→ **TASK DETAILS**:
Would you transcribe the records below from the line with "A shirtless white" to the line with "Senior chemistry professor", ends included, exactly and with nothing more, leaving the pictures out?

→ **DATASET EXTRACT**:
• • •

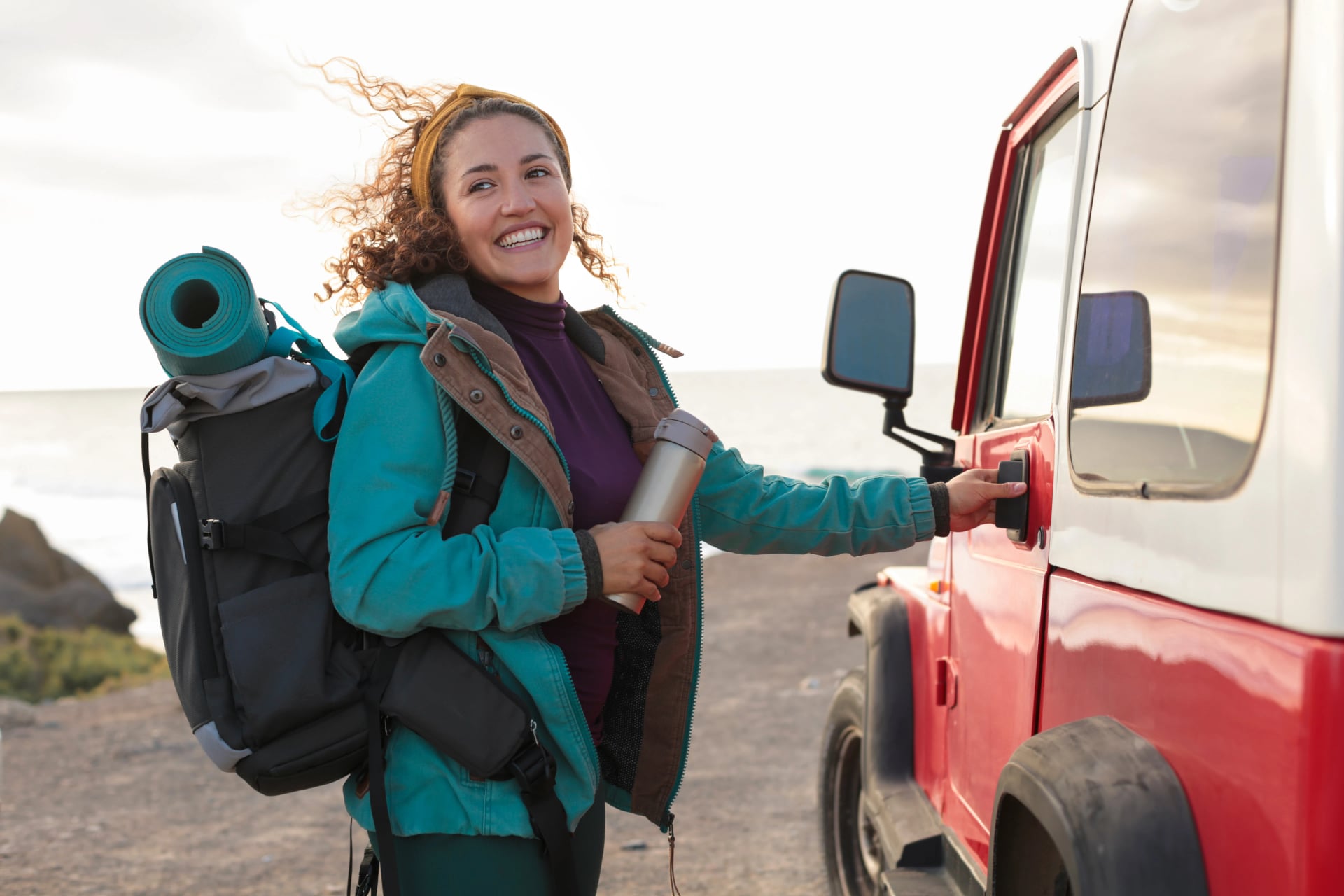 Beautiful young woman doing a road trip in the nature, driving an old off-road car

• • •

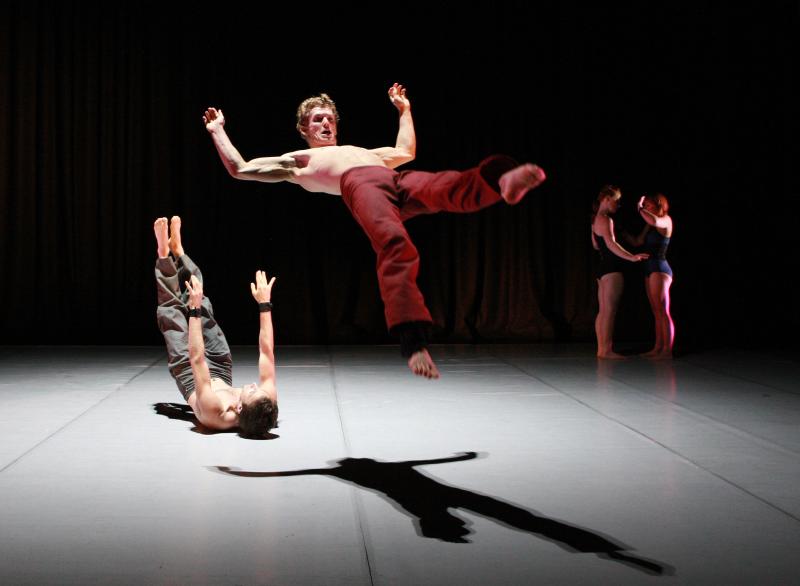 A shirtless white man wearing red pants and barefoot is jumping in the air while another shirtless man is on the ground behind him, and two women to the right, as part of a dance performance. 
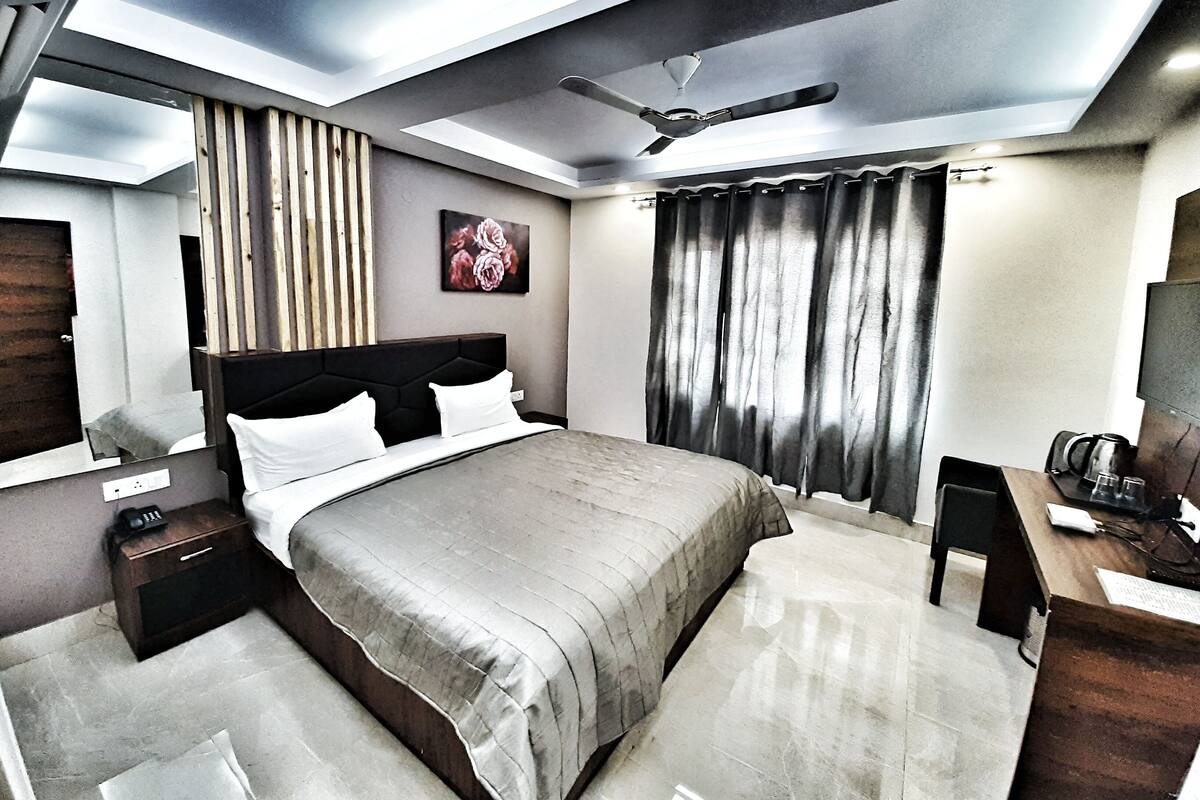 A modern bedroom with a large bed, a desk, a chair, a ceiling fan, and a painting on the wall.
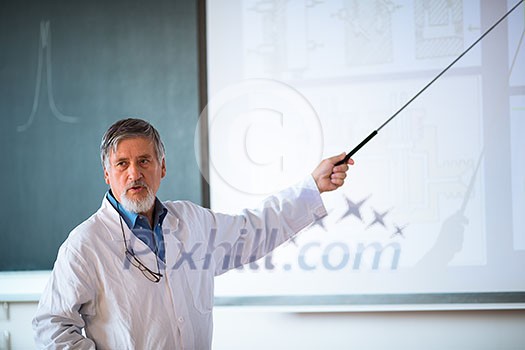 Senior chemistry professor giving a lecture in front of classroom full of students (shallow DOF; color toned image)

• • •

→ **RESPONSE**:
 A shirtless white man wearing red pants and barefoot is jumping in the air while another shirtless man is on the ground behind him, and two women to the right, as part of a dance performance. 
 A modern bedroom with a large bed, a desk, a chair, a ceiling fan, and a painting on the wall.
 Senior chemistry professor giving a lecture in front of classroom full of students (shallow DOF; color toned image)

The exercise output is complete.